Mox in the Sky with Diamonds

quarta-feira, maio 28, 2008

JULGAMENTO DAS CÉLULAS-TRONCO É HISTÓRICO, MAS NÃO PELOS MOTIVOS QUE A MÍDIA NOTICIA

O julgamento agora suspenso do STF sobre a constitucionalidade das pesquisas em células-tronco é histórico, mas não por ser uma luta entre obscurantistas fanáticos contra cientistas esclarecidos, do atraso religioso contra o progresso "iluminado". É histórico por ser uma oportunidade de o STF marcar posição contra o automatismo do progresso.

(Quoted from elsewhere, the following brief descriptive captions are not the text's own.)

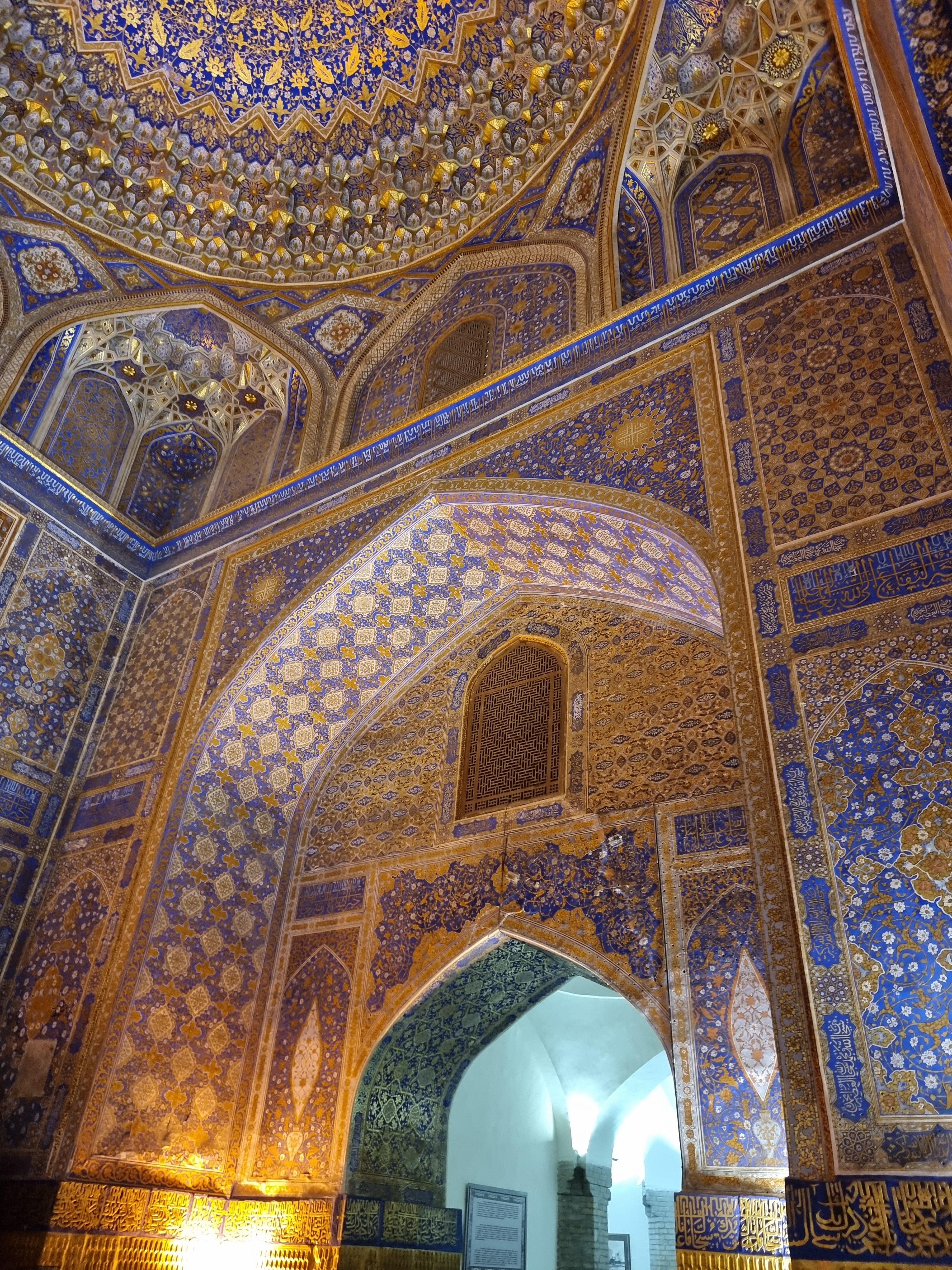 Samarkand: Guided Walking Tour with 10 stops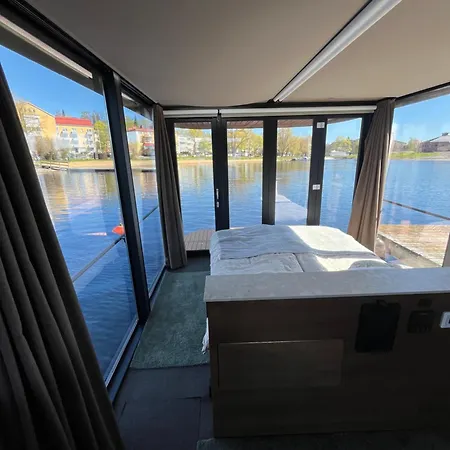 Aava Floating 25 Savonlinna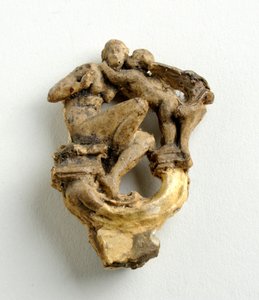 Maquette kulcs íjhoz, Ámor suttogásával egy ülő lánynak: három vázlat a központi csoport számára (gipsz) alkotó: Alfred Gilbert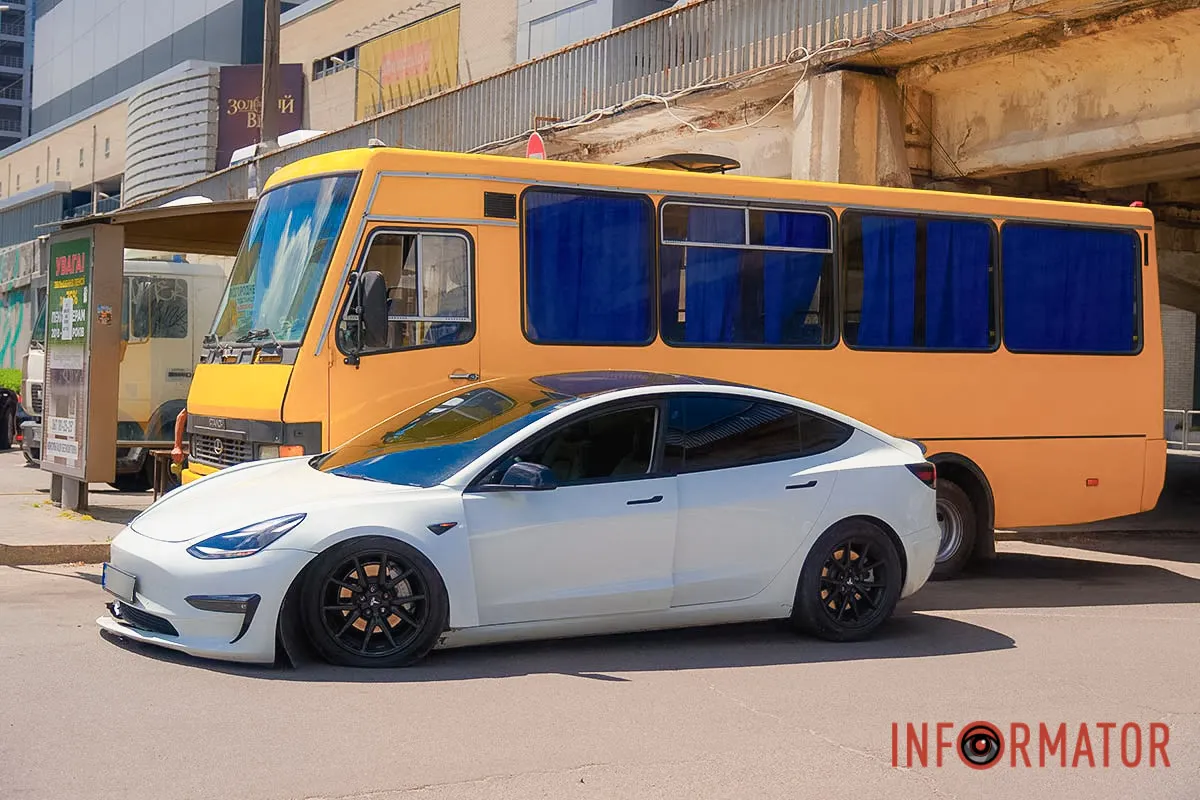У Дніпрі біля «Мост-сіті» сталася ДТП: що відомо 6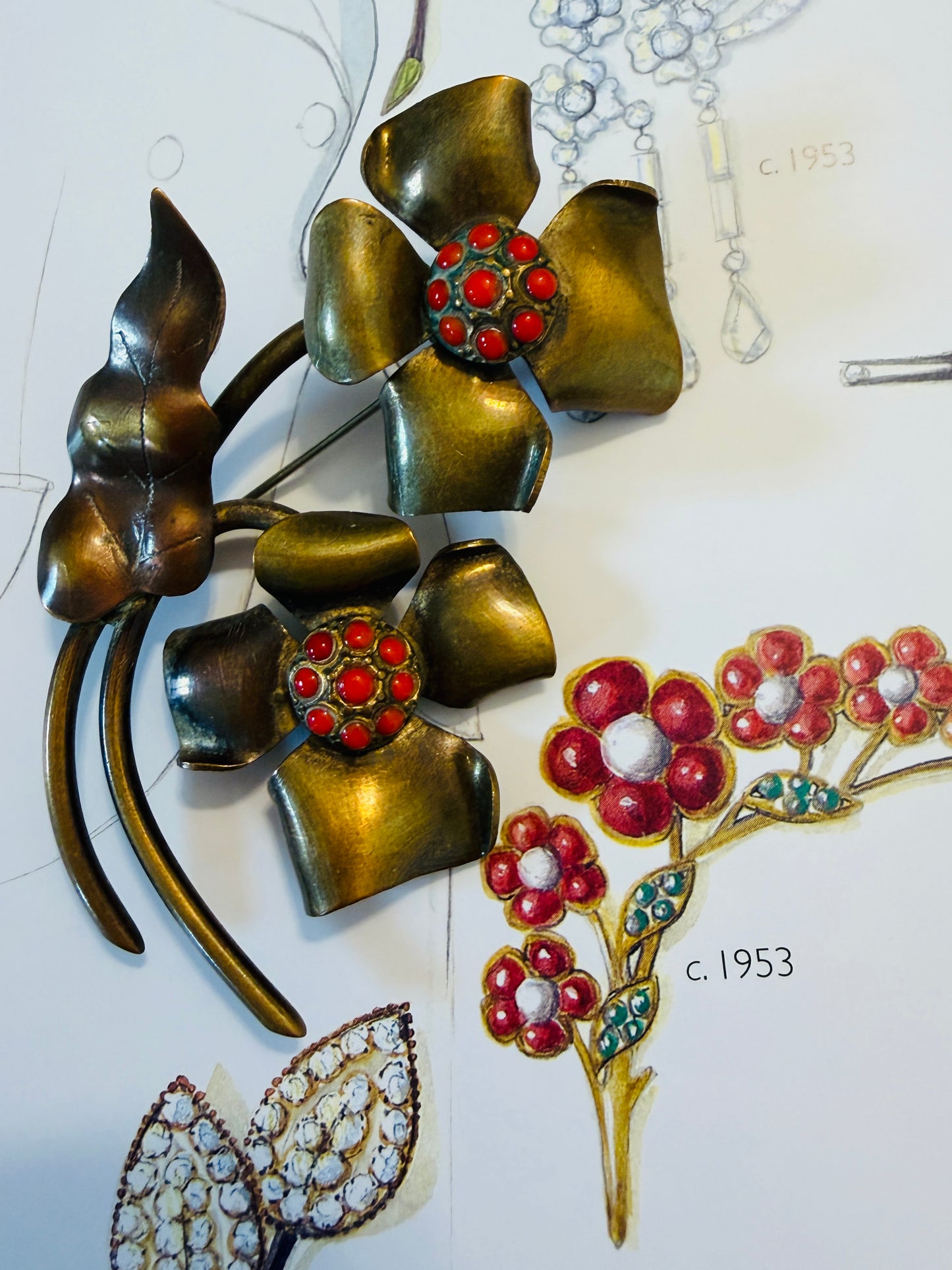 Grande Spilla anni ‘50 con cabochon corallo ￼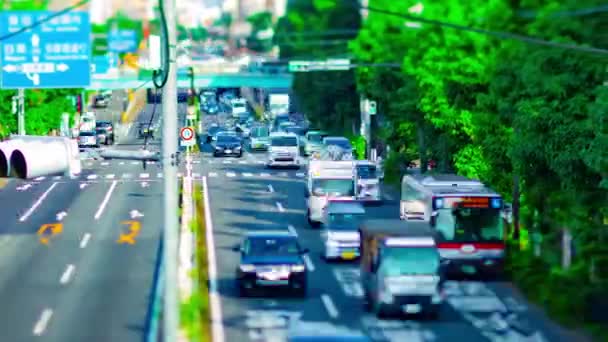 Чампелапс мініатюрної вулиці в проспекті Канпачі в Токіо в денний час зсуву нахилу. — стокове відео
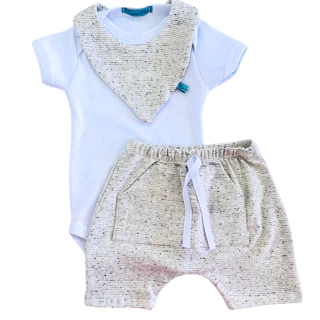 conjunto bebê menino de verão bermuda e babador lindo de algodão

Não significa que eu seja contrário às pesquisas. Até sou favorável. Mas é hora de deixar claro que o "progresso" da ciência não é algo neutro, insuscetível de problematização e incontestável. Experimentos com cobaias humanas, aquecimento global, bomba atômica e armas químicas são exemplos de "progressos" científicos.

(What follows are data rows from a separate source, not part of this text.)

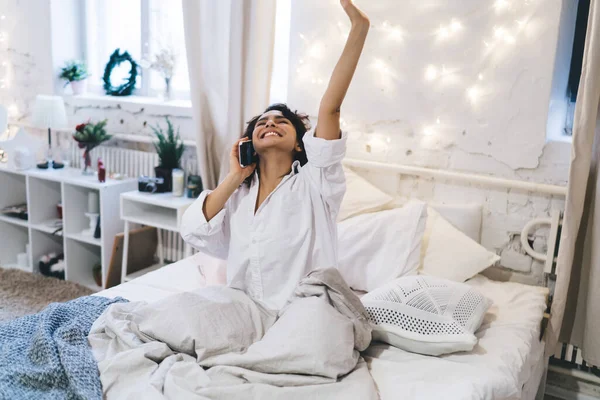 Mulher Alegre Roupas Dormir Desfrutando Uma Conversa Positiva Celular Durante — Fotografia de Stock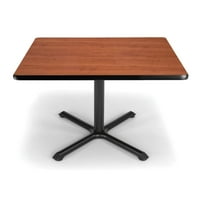 Modell XT42SQ 42 Többcélú négyzet alakú asztal X-stílusú talapzat bázissal, tölgy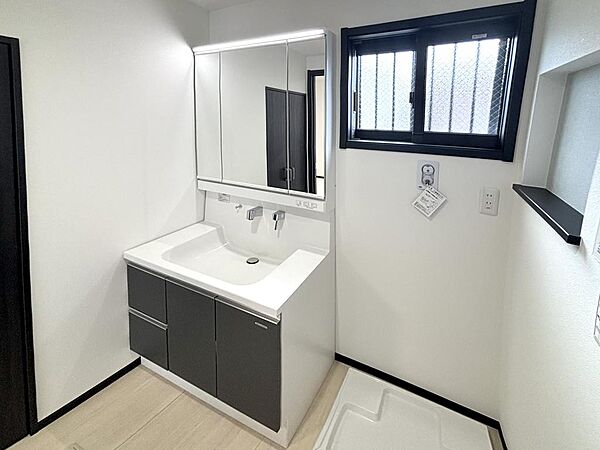 身支度やヘアセットの際に重宝する三面鏡タイプの洗面化粧台です。洗面ボウル下、鏡裏に収納スペースがあり、洗面用品や化粧品、ストック類など整理できます。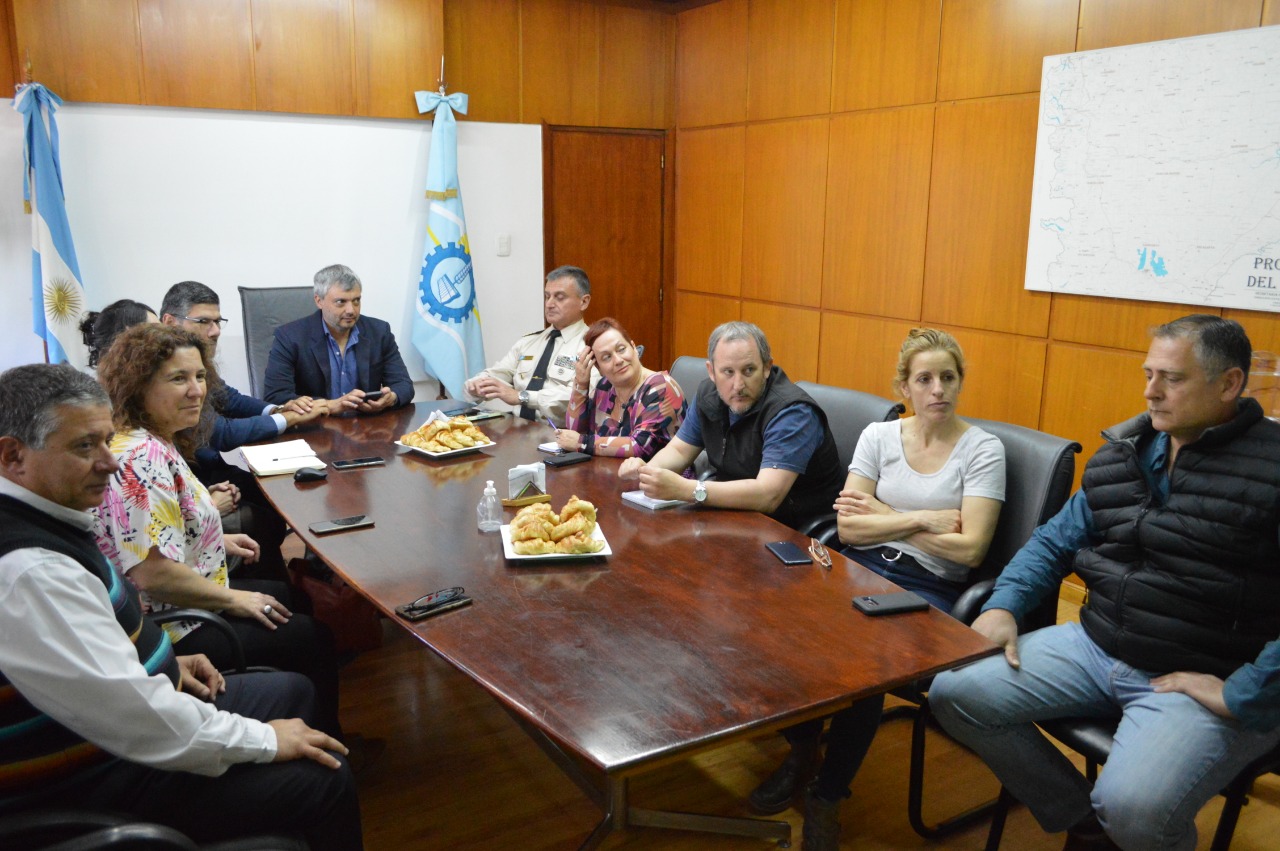 Chubut y Nación avanzan con la creación del Área Marina Protegida “Frente Valdés”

O que nós deveríamos ter aprendido é que o "progresso" é simplesmente um mito. Um mito que reduz a experiência humana ao mundo técnico, confundindo a aptidão de "controlar" e "predizer" com a totalidade existencial do homem no mundo. O humano não se reduz ao científico. A dimensão ética, sem referir outras, é independente da ciência. É bem possível que argumentemos contra a ciência sem argumentos científicos, e isso nada terá de irracional. A ciência não esgota a totalidade da experiência do homem no mundo, repito. Heidegger, Adorno, Derrida e Rorty eram filósofos que não cansavam de advertir isso. Não há nada de especial no científico que o coloque acima de qualquer outro patamar, que não seja simplesmente o fato de que o técnico serve a alguma coisa, mas não tudo.

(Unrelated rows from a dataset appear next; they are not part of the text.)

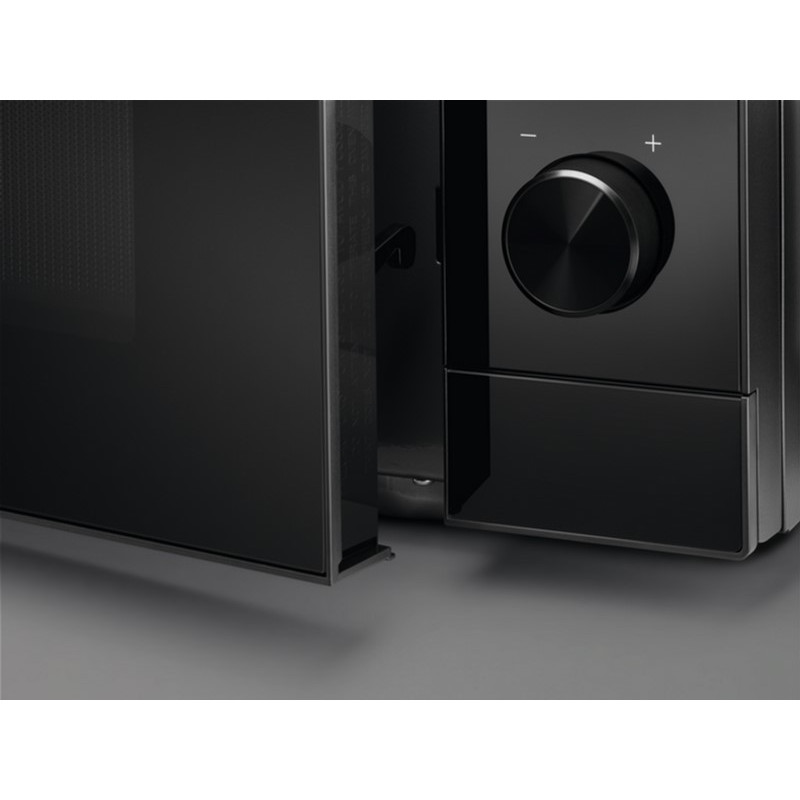 Мікрохвильова піч AEG MFB295DB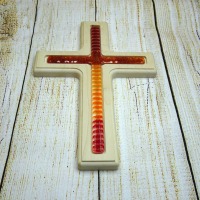 Holzkreuz mit Fusingglas in rot und orange, Kreuz aus Ahorn 3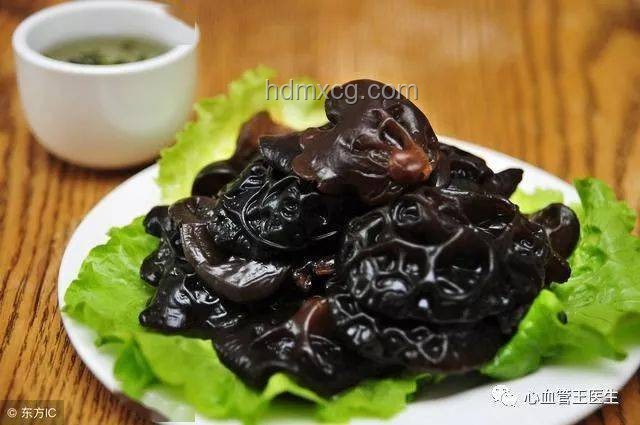 68岁阿姨吃隔夜白木耳中毒深度分析：米酵菌酸的隐忧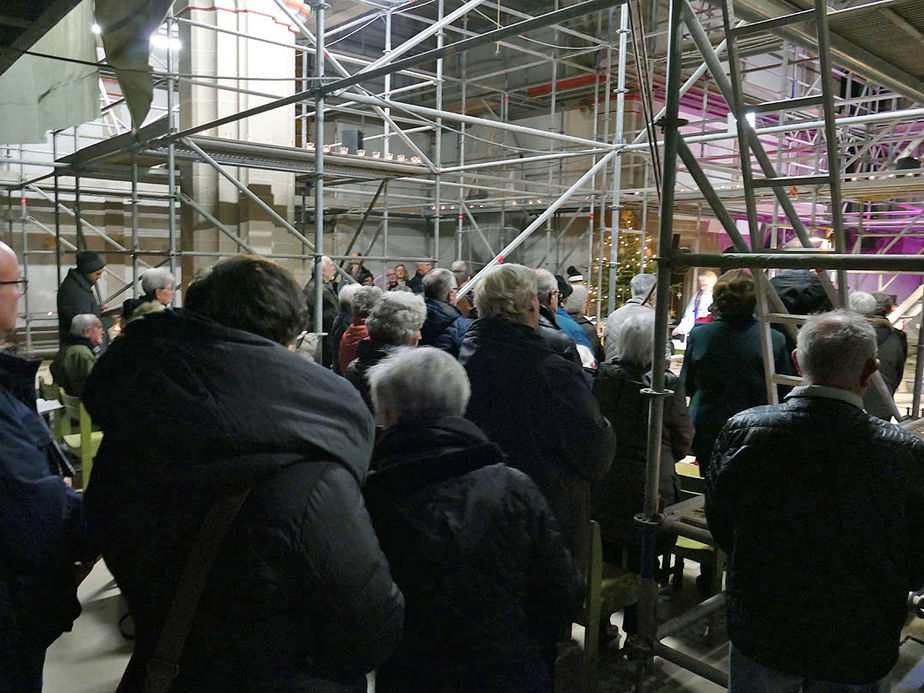 Heilige Messe auf der Baustelle zum 4. Advent (Foto: Karl-Franz Thiede)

O "progresso" científico não é neutro; busca valores. Entre eles, o domínio da natureza -- ou o controle e a predição, para falar com Rorty. Esse "domínio" não justifica qualquer coisa. Isso não pressupõe -- nem seria o meu caso -- a crença em um ente sobrenatural que governaria nossa existência. Significa apenas fazer, como diz Edgar Morin, "ciência com consciência".
O julgamento do STF é histórico apenas nesse sentido: pode estancar a hegemonia automatizada do discurso científico ou apenas confirmá-la. O momento mostra que esse domínio estratégico do discurso [científico] é simplesmente uma questão de poder, e Foucault cai como uma luva para provar como a verdade tem seu regime de poder. Os cientistas querem uma explicação "científica" para não pesquisarmos. Não há. Nem pode haver. A ciência não dá essas respostas. Não pertence à sua racionalidade de predizer e controlar.
De qualquer forma, o julgamento já é histórico por marcar um momento de burrice da mídia em geral. A oposição obscurantista-atrasado/cientista-iluminada é o único esquema binário que permeia todas as análises do caso. O que não explica porque o placar está empatado. Todos viraram carolas?